Reste à intégrer au niveau cognitif et culturel les
nouveaux modes d’être et de faire induits par les TICE.
Ces technologies ne peuvent prétendre assurer à elles
seules la médiation psychologique et sociale qui aide les sujets à métaboliser
l’information en connaissances personnelles. Elles ont tous les
potentiels nécessaires pour se transformer en dispositifs efficaces
au service de l’activité humaine et pour soutenir les épreuves
de transformation et de construction de soi impliquées par l’aventure
d’apprendre (à condition que ces dispositifs soient assortis
d’une prise de conscience des exigences théoriques et
pratiques propres à la mise en route de l’acte d’apprendre).

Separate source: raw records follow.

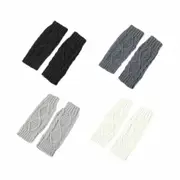 Winter Gloves Cycling Men Women Unisex Fingerless Knit Touch Screen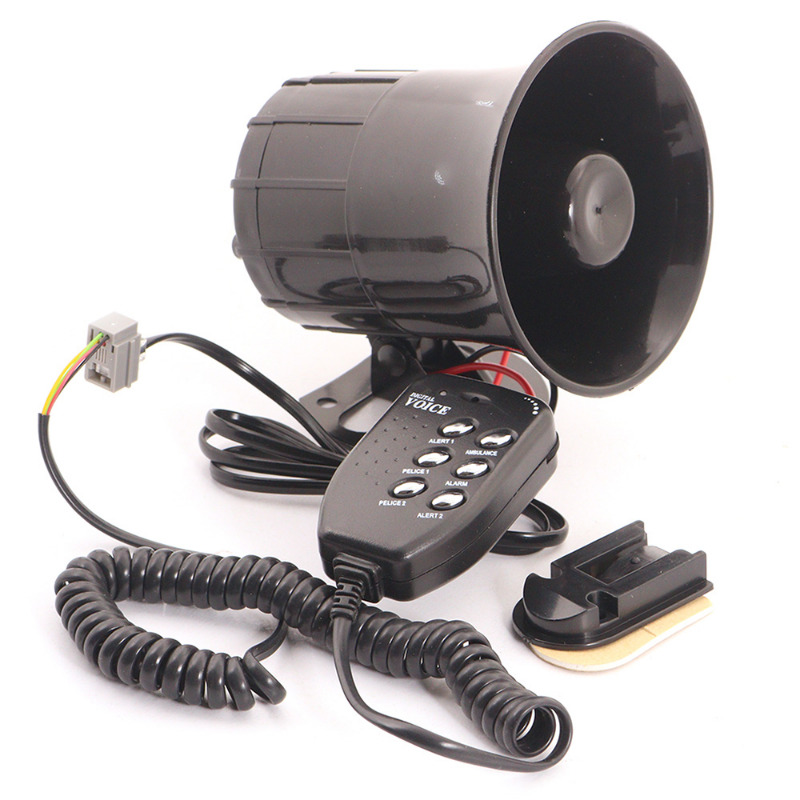 آژیر پلیسی شش صدا میکروفن دار با قابلیت تنظیم صدا
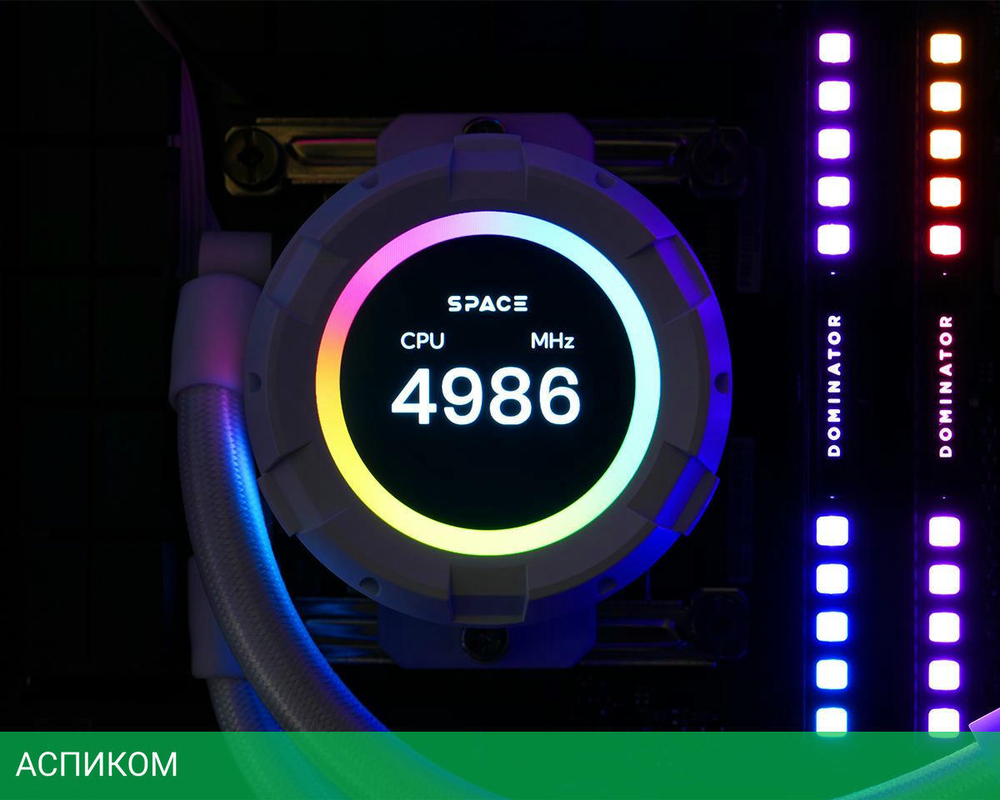 Система жидкостного охлаждения для процессора ID-Cooling SL360 XE White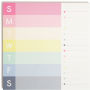 U Brands FSC 10x10 Brights Weekly Desk Pad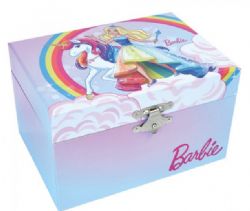 COFFRE À BIJOUX MUSICALE BARBIE - DESIGN LICORNE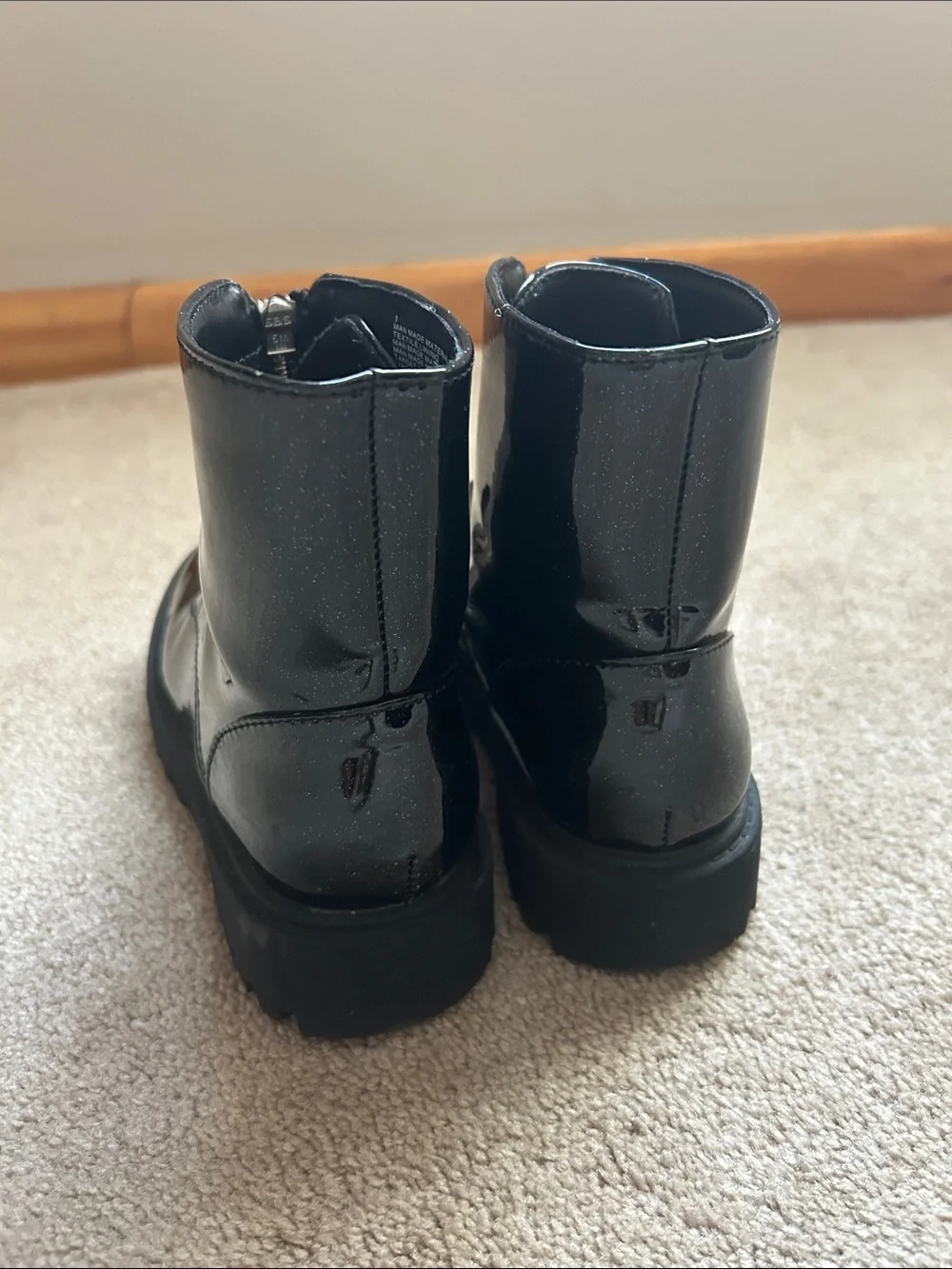 Girls Sparkle Art Class Zip up Boots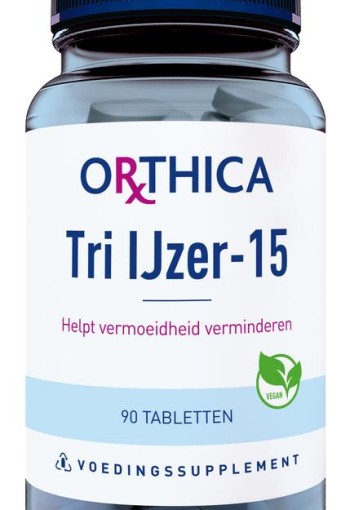 Orthica Tri ijzer 15 (90 Tabletten)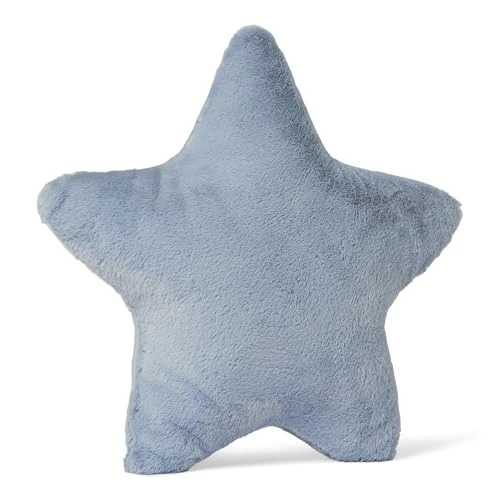 Zeitlich begrenztes Angebot: Amazon Basics Sternförmiges Plüschtier Kissen, Dekoratives Spielzeug Stofftier für Bett oder Sofa, Kinderzimmer Deko, Blau von 17.10 € auf 17.10 € (0.00% Rabatt)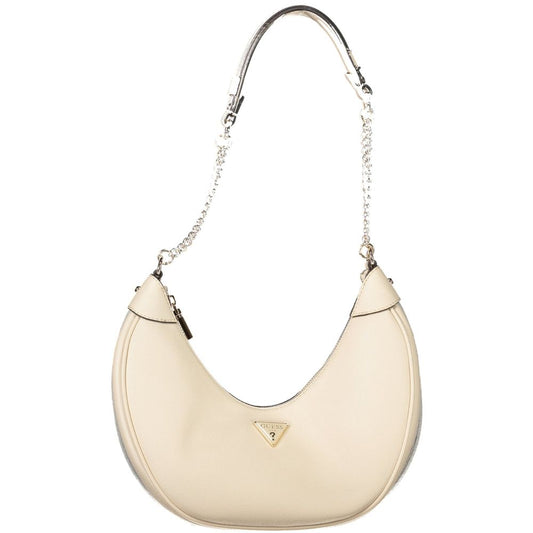 Beige Polyethylene Women Handbag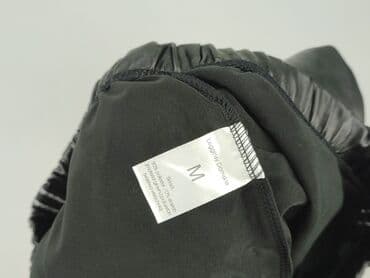 legginsy czarne prążkowane: Legginsy Ze skóry ekologicznej damskie, rozmiar M — 6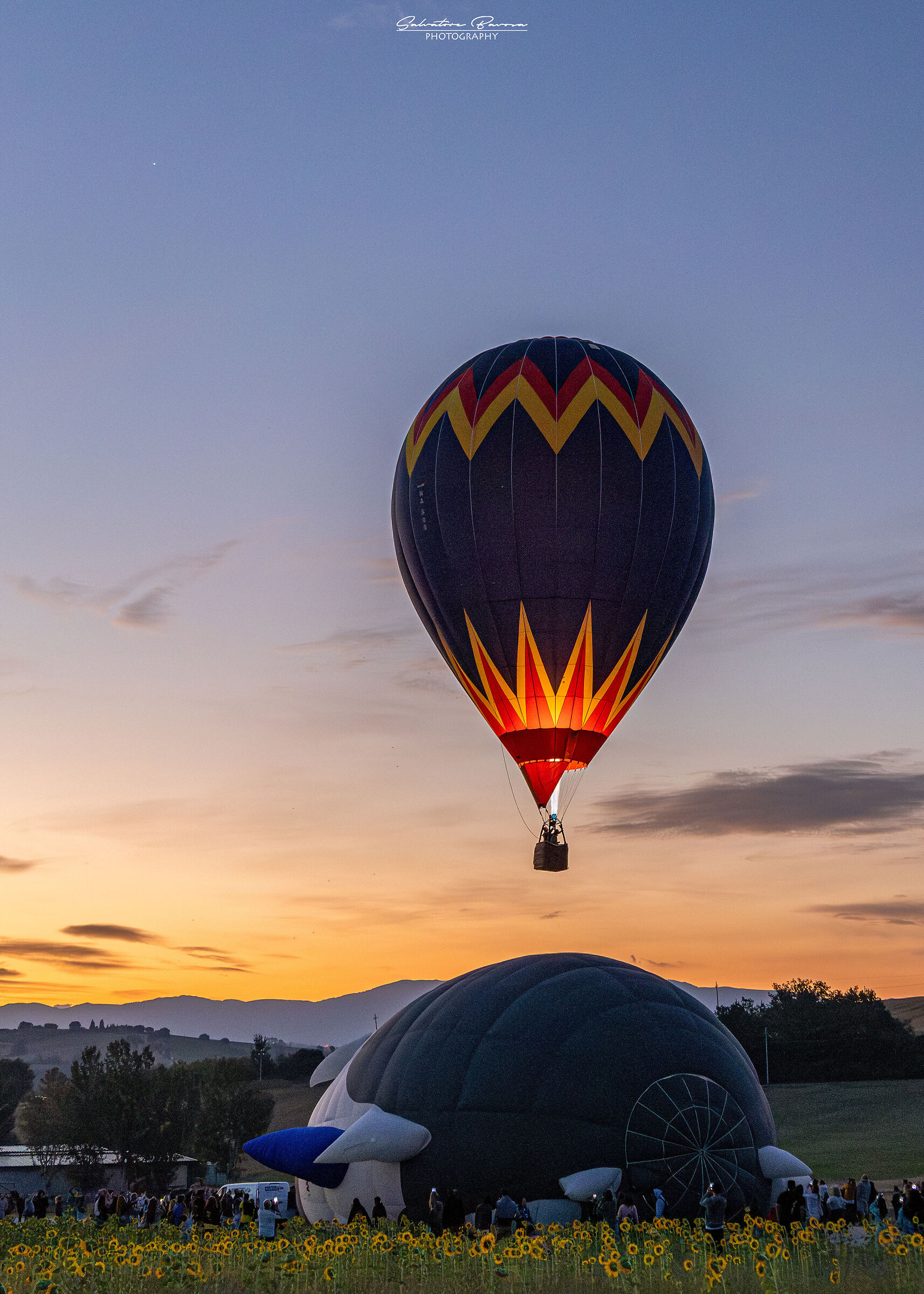 Take-off at dawn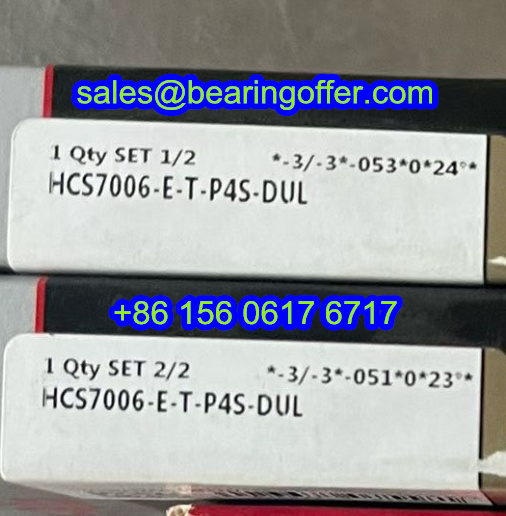HCS7006-E-T-P4S-DUL Spindle Bearing 30x55x26 Ball Bearing - Stock for Sale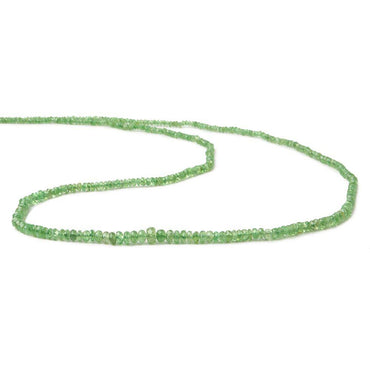 1.5-3.5mm Tsavorite Garnet Beads Faceted Rondelle 20 inch 398 pieces (ONLINE ORDER ONLY)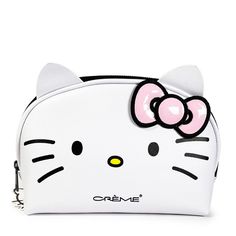 Hello Kitty Dome Makeup Bag (1 unit) Leather Makeup Pouch, Hello Kitty Makeup Bag, Kitty Makeup, Hello Kitty Makeup, Sulfate Free, Makeup Pouch, Travel Pouch, Paraben Free, Everyday Essentials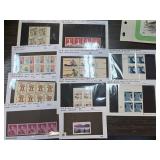 US Mint NH Plate Block and Strip Stamp Lot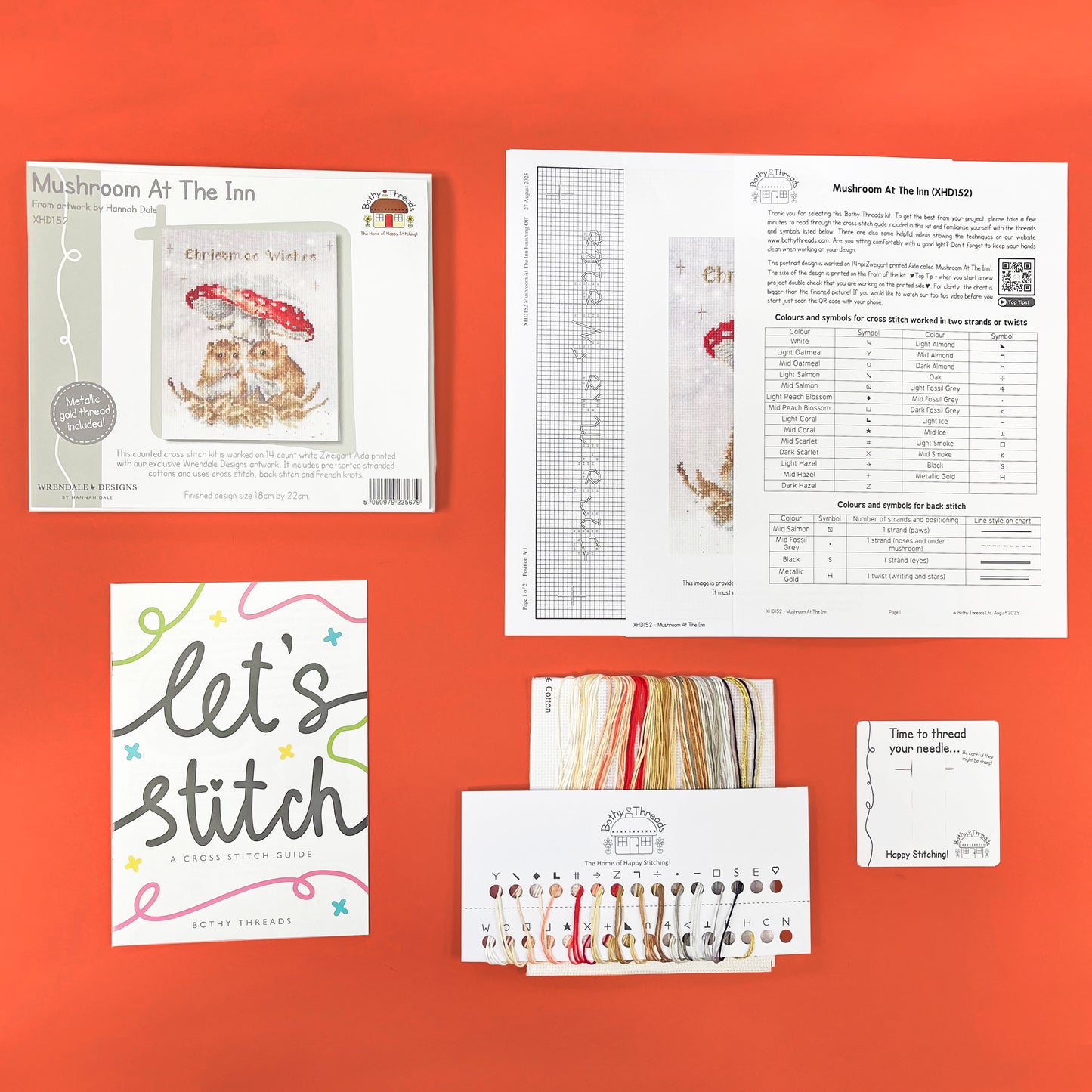 Mushroom At The Inn - Bothy Threads Cross Stitch Kit XHD152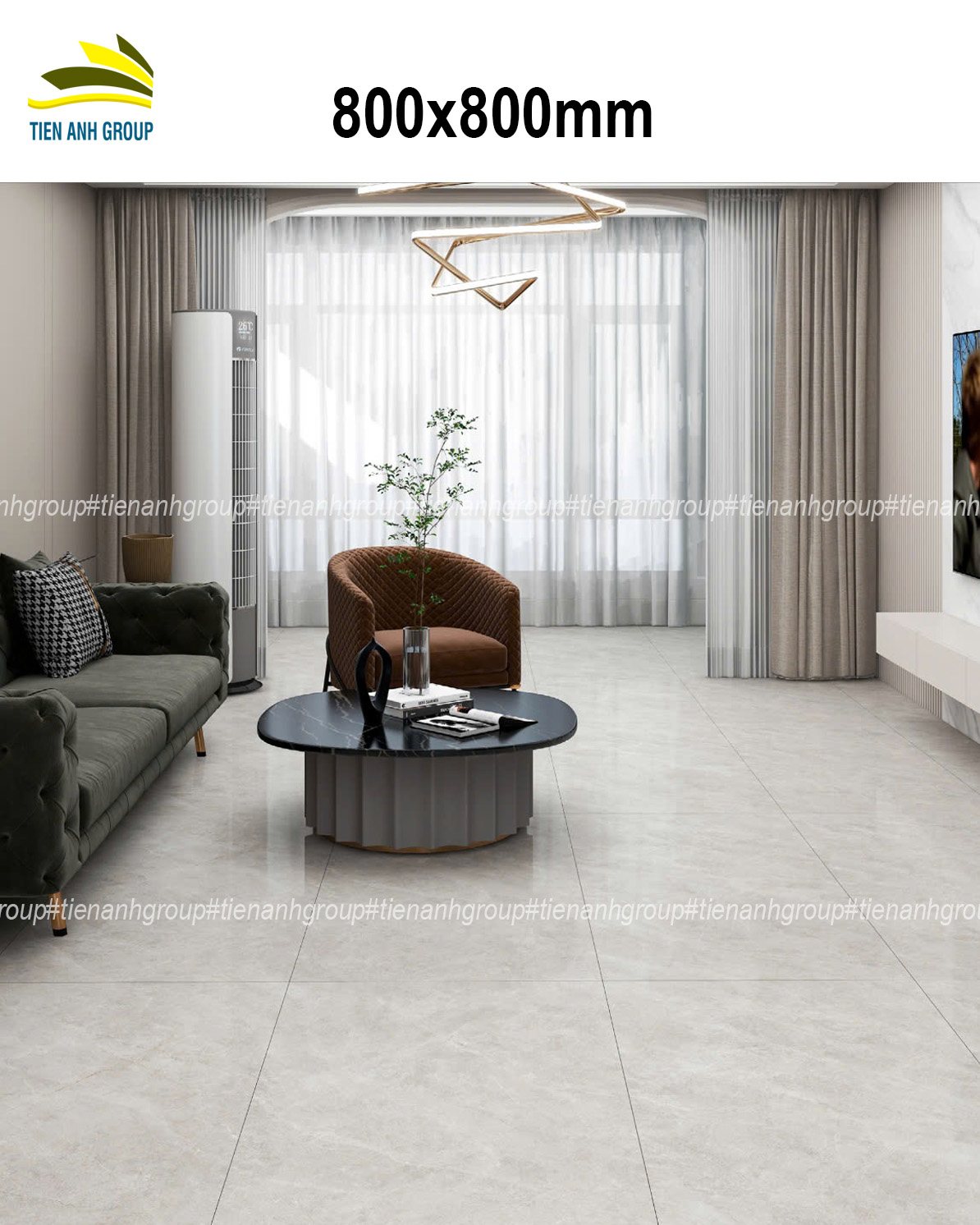 Gạch Vân Đá Marble 80x80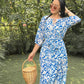 Nyla Cotton Dress - Blue Bliss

On le voit, cette perspective redonne sa place à l’acte
individuel d’apprentissage en contexte social et remet en cause
le principe d’homologie entre le mode d’apprentissage et
le mode d’utilisation des connaissances. Même en langue étrangère,
les contextes d’action font appel à un ensemble complexe
de compétences humaines acquises à diverses époques
de la vie et selon des méthodes diverses. Il ne peut être
raisonnablement envisageable de les retrouver tous dans l’apprentissage
des langues. Dès lors les tâches complexes effectuées
en équipes peuvent être considérées comme
l’une des façons de se perfectionner en langue étrangère
et de remotiver les apprenants. Dans le milieu scolaire, elles s’inscrivent
dans un cadre didactique particulier, celui de la variation et de la
différenciation.
Implications sociales
Sans le chercher peut-être, l’auteur joue ‘l’air
du temps’. Il adopte le point de vue du Conseil de l’Europe
qui voudrait ne plus faire de distinction entre l’enseignement
scolaire et la formation des adultes. Les marchands s’en réjouissent,
car ils pourront assumer une part de l’enseignement scolaire,
comme ils ont pris en mains le marché juteux de la formation
des adultes. Et pour commencer, ils ont décidé s’occuper
de la préparation au ‘CLES’(Certificat en langues
de l’enseignement supérieur). L’Etat assurera les
certifications, comme il le fait déjà pour les étudiants
des universités ‘libres’.
Dans ce contexte de tendance à la marchandisation de l’école,
il est délicat de prendre « Le Cadre Commun de Référence » pour
l’appliquer à l’enseignement scolaire et de donner à celui-ci « un
objectif social » sans se soucier de l’objectif de
formation. Et si le didactique consiste à effectuer une simple
transposition des pratiques sociales de référence, par
homologie, alors on peut renoncer à la recherche en didactique
des langues-cultures et, par exemple, décider de remettre la
version et le thème au baccalauréat, puisque beaucoup
de bachelières deviendront secrétaires trilingues et
devront traduire du courrier.
Revenons à une recherche proche des réalités du
terrain et loin des idées propagées par le Conseil de
l’Europe, en tant qu’organisme politique. Ce n’est
pas à l’autorité de dire ce qu’il faut rechercher,
mais à la recherche de définir son objet. Et dans notre
domaine, le seul corpus utilisable, ce sont les pratiques de ceux qui
réussissent dans les établissements ordinaires.